Like Trying to Take Pee Out of a Swimming Pool …
When the transparency group Wikileaks was censored in China last year, no one was too surprised. After all, the Chinese government also censors the Paris-based Reporters Sans Frontieres and New York-based Human Rights Watch. And when Wikileaks published the secret censorship lists of Thailand’s military junta, no one was too surprised when people in that country had to go to extra lengths to read the site. But on Friday … in the home of the free and the land of the brave, and a constitution which states ‘Congress shall make no law … abridging the freedom of speech, or of the press,’ the Wikileaks.org press was shut down.”

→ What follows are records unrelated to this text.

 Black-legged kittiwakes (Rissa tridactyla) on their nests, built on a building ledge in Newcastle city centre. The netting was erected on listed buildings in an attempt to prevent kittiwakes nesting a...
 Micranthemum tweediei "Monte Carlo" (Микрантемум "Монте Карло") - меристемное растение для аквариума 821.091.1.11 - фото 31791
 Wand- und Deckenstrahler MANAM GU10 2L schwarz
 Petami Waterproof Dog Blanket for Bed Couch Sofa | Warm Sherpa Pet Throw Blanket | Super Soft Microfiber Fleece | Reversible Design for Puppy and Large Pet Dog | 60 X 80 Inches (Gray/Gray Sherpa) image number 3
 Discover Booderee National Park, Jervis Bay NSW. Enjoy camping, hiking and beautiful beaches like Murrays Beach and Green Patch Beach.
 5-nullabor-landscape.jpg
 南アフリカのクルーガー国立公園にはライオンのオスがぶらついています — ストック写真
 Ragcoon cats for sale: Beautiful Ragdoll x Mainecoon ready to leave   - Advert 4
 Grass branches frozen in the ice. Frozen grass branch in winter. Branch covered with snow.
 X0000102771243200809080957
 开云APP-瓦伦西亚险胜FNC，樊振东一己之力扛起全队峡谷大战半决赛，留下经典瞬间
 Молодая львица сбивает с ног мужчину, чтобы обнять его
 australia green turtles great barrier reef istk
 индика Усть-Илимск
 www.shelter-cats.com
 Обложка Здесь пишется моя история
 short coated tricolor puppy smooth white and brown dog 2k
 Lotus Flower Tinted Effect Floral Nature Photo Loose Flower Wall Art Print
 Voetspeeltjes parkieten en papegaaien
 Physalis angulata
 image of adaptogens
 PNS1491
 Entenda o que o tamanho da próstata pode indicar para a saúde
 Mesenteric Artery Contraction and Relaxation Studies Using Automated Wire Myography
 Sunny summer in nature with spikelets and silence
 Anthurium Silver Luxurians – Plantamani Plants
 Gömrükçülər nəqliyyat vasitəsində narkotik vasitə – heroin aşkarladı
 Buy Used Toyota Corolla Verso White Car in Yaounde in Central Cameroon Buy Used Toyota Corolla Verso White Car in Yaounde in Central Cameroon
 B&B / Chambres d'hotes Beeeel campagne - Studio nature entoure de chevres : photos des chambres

Talk about slamming the barn door shut on a long-ago departed horse. A U.S. district court in Northern California has ordered whistle-blower site Wikileaks.org shut down after Switzerland’s Bank Julius Baer complained that the site had posted bank documents that allegedly link it to money laundering and tax-evasion schemes in the Cayman Islands.
The court ordered Wikileaks’ Web host, Dynadot, to “immediately clear and remove all DNS hosting records for the wikileaks.org domain name and prevent the domain name from resolving to the wikileaks.org Web site or any other Web site or server other than a blank park page.”
Dynadot was quick to oblige, not that it mattered much. Wikileaks remains available from a number of so-called cover names and its content has already been widely mirrored and torrented. As “NewsRadio” ’s Joe Rogan once said, “Dude, you can’t take something off the Internet. … That’s like trying to take pee out of a swimming pool.”